Jang Man-soon, chairman of the Committee for Ten Million Separated Families and a co-chair of Citizens' Solidarity for ONE KOREA, called the proposed system "Korea Link."
"If we place a system similar to Starlink over North Korea, we could inform North Koreans who have access to approximately 8.5 million mobile phones about the realities and conditions in South Korea," Jang said during an interview Thursday at the National Assembly in Seoul.
The figure was Jang's estimate and could not be independently confirmed.
Jang said the network could communicate the importance of freedom to North Korean residents and correct historical accounts and information distorted by the North Korean government.

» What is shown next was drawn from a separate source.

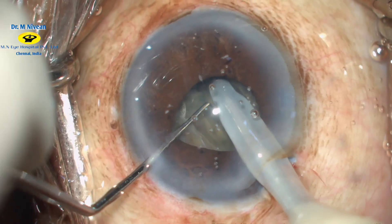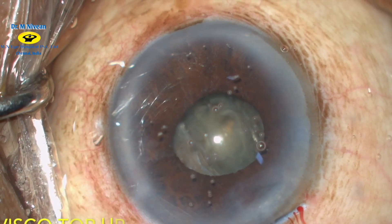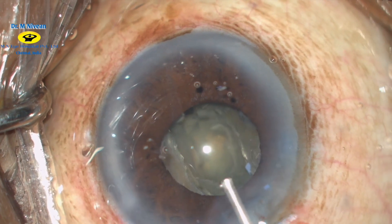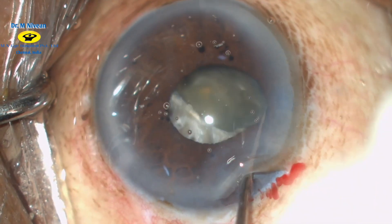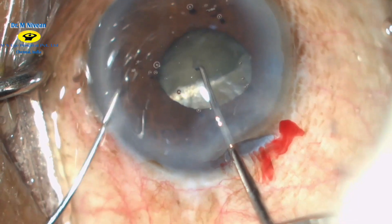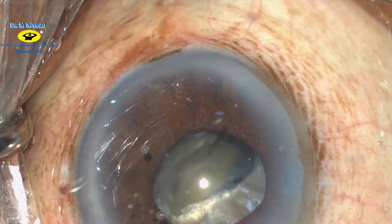The two halves are separated. In cases of hard mature cataracts, it is of importance to use a sufficient amount of viscoelastic device to protect the corneal endothelium. The nucleus is then gently rotated using a dialer and a chopper, and the other side is also split. Now we have two halves of the nucleus.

He said it could also help North Koreans develop pride in the goal of Korean unification.
Jang argued that a new means of communication is necessary because traditional methods of reaching North Koreans, including radio broadcasts and border loudspeakers, have become increasingly restricted.
He said North Korean leader Kim Jong Un's "two hostile states" policy is partly intended to isolate residents from outside information.
"North Korea is at a disadvantage in politics, economics, culture and military power, so the government is trying to block outside information from reaching its people," Jang said.
Jang also discussed the declining prospects for families separated by the division of the Korean Peninsula and the 1950-53 Korean War.
"The wish of separated families is no longer simply to reunite with relatives," he said. "It is to set foot in their hometowns."
Many first-generation separated family members are now in their 90s, and few still have living parents in North Korea, he said.
"Their greatest wish is to visit their hometowns before they die," Jang said.
He warned that public awareness of separated families is fading with each generation.
Jang called for expanded unification education for young people, opportunities to hear testimony from first-generation separated family members and educational visits to areas near the inter-Korean border.
"The reality is that only about half of the public now believes unification is necessary," he said. "We are preparing various activities, including youth education, testimony from first-generation separated families and visits to border regions."
Jang urged the South Korean government to participate in practical projects intended to support North Korean residents and preserve awareness of freedom and unification.
"If we view the people of North Korea as members of the same nation, I hope the government will participate in the practical plans we are pursuing," he said.
"We must work together to establish a foundation that will allow future generations to understand the meaning of genuine freedom in the Republic of Korea."